E poi ormai c’e’ una concorrenza spaventosa. Le numerose scuole di jazz hanno messo idee strane a tanta gente. Quando esce un musicista di talento da una scuola, non e’ tanto merito della scuola quanto del suo talento. L’aver studiato con quello o l’altro musicista non forma di per se’ un jazzista. Ma alla fine tutti quelli che hanno studiato vogliono suonare. Ma io dico che il jazz non e’ musica di massa e mai lo sara’. A differenza di quanto molti pensano non lo e’ nemmeno in America. E’ una musica d’arte, e’ un linguaggio. Come Mozart o Beethoven.

Sempre piu’ spesso, poi, accade che molti americani vengono a sbarcare il lunario in Europa e in Italia. E gli si aprono tutte le porte, in ossequio al mito dell’americano che suona il jazz.
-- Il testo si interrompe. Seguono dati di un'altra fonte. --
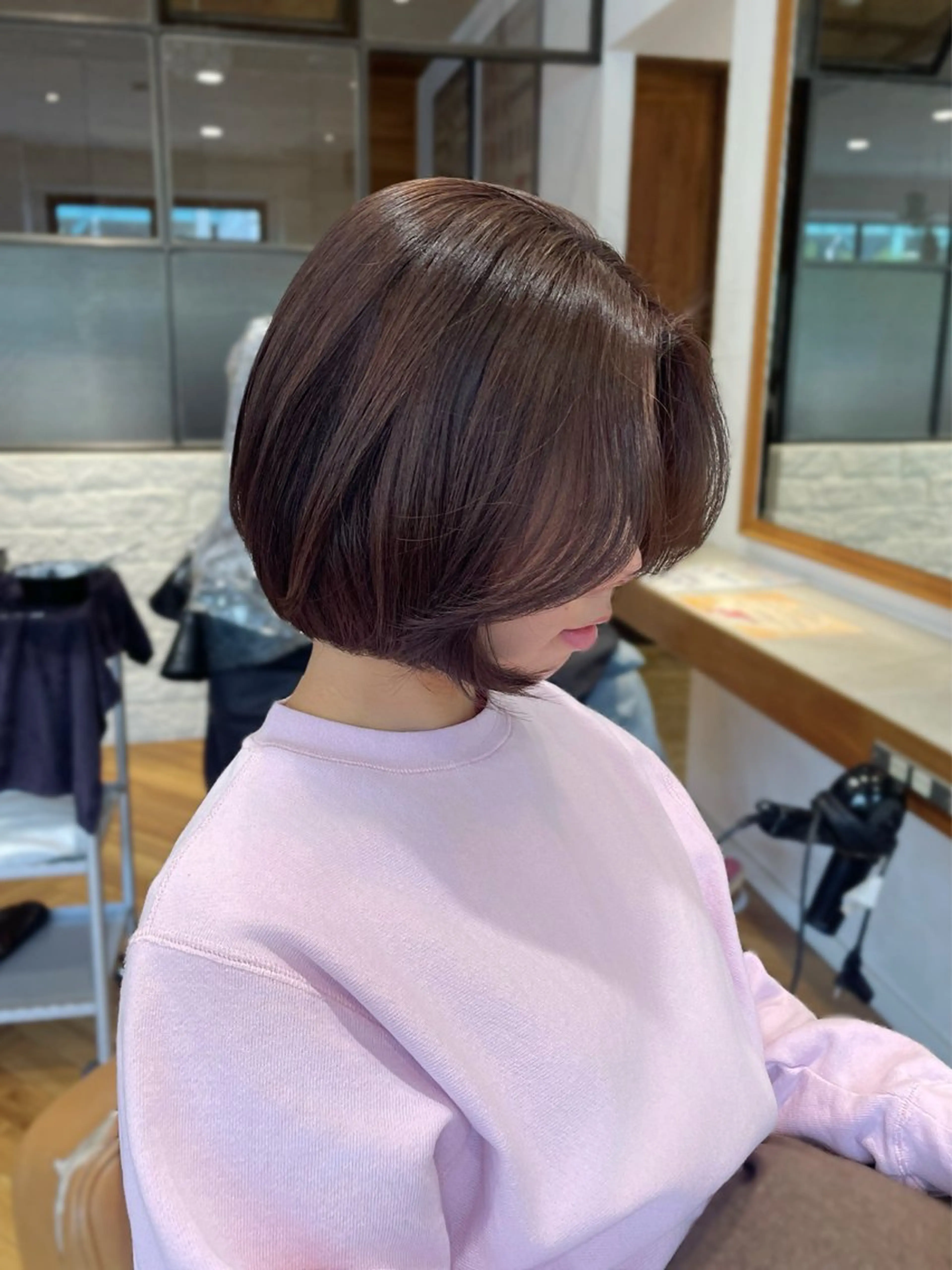 ショート カット ヘアカラー 𝒚𝒖-𝒓𝒊 ⸝⋆艶color🌙のヘアスタイル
Ma in Italia ci sono jazzisti superiori a questi presunti miti e non e’ giusto che questi vengano a prendersi compensi che spetterebbero a nostri musicisti molto piu’ capaci.

 

Ma forse ultimamente qualcosa sta cambiando. Penso anche ai tanti festival estivi che dovrebbero fare da traino e da vetrina in vista dell’attivita’ invernale.
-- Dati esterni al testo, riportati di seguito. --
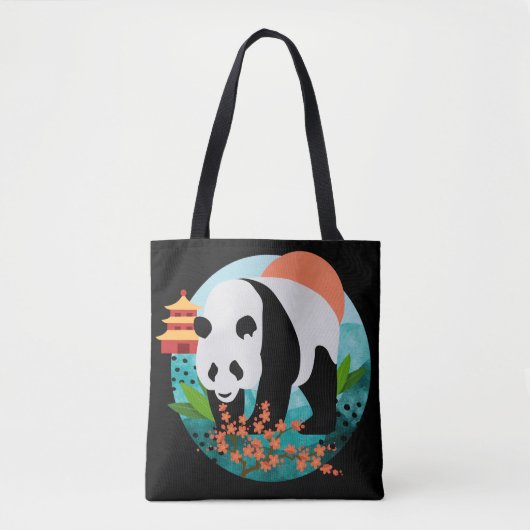 BAO SHI - Panda Tasche oder Kreuzsack (Vorderseite)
Tutto il denaro pubblico impiegato nei festival dovrebbe essere speso per i musicisti italiani o per gli stranieri che contano davvero. Altrimenti sono soldi spesi male. A tutt’oggi gli unici che guadagnano davvero da queste «operazioni culturali» sono le istituzioni e i musicisti stranieri. Per le forze vive ci sono solo le briciole. C’e’ crisi, certo, ma una parte di colpa la do anche ai jazzisti bravi che hanno poca dignita’. Non e’ possibile incidere decine di dischi, spesso anche a proprie spese, e poi suonare nei locali sempre per la stessa cifra…

 

 

Tratto da “Il jazz a Napoli dal dopoguerra agli anni Sessanta”, Guida Editore
Intervista del 6 dicembe 2003.

 

 

Renzo Arbore qualche anno fa su Antonio Golino: “…Antonio Golino era la grande disperazione dei gestori dell’USO, sempre preoccupati che, con il suo modo di suonare, «eccitasse» troppo i neri. Suonava forte, in modo viscerale, alla Art Blakey, incurante della formazione. Ed era un po’ inviso alla dirigenza dell’USO, perche’ quando attaccava gli assoli gli americani si sfrenavano e facevano volare i cappelli. Ma anche i napoletani non riuscivano a star fermi. L’USO era una piccola America, si bevevano bibite americane, si «parlicchiava» inglese. E ancora ho berretti e impermeabili da ufficiale che mi vendevano gli inservienti del locale a prezzo irrisorio, quando i militari li dimenticavano. La’ facevamo un repertorio misto: cantavamo in un inglese approssimativo gli standard americani, ma eseguivamo anche le canzoni di Modugno, per esempio. All’USO cantavo e suonavo un «finto» contrabbasso, a tre corde, che affittavo prima della serata.

 

Un episodio che mi piace ricordare e’ relativo ad un concerto al Circolo della Stampa. In quella serata Golino suonava in un gruppo composto da Lucio Reale, Lillino Boccalone e Gloria Christian, che secondo me era la migliore cantante di jazz italiana. La Christian comincio’ Too Marvelous for Words. Sussurro’ la canzone, sostenuta da pochi accordi del piano. Un’interpretazione molto sentita e delicata. E c’era Antonio dietro che fremeva, con le bacchette in mano, senza poter intervenire… Gloria ando’ avanti per tutto il tema fino al finale rubato. Golino, che a quel punto avrebbe dovuto staccare il tempo per l’ingresso degli altri strumenti, apri’ sganciando una bacchettata colossale sul rullante che a tutti sembro’ uno sparo, un colpo di fucile, tanto che tutti si alzarono in piedi guardandosi attorno, e poi sornione riprese il tempo con le spazzole… Questo per sottolineare la passione viscerale di Golino, che avrebbe suonato ovunque anche gratis.”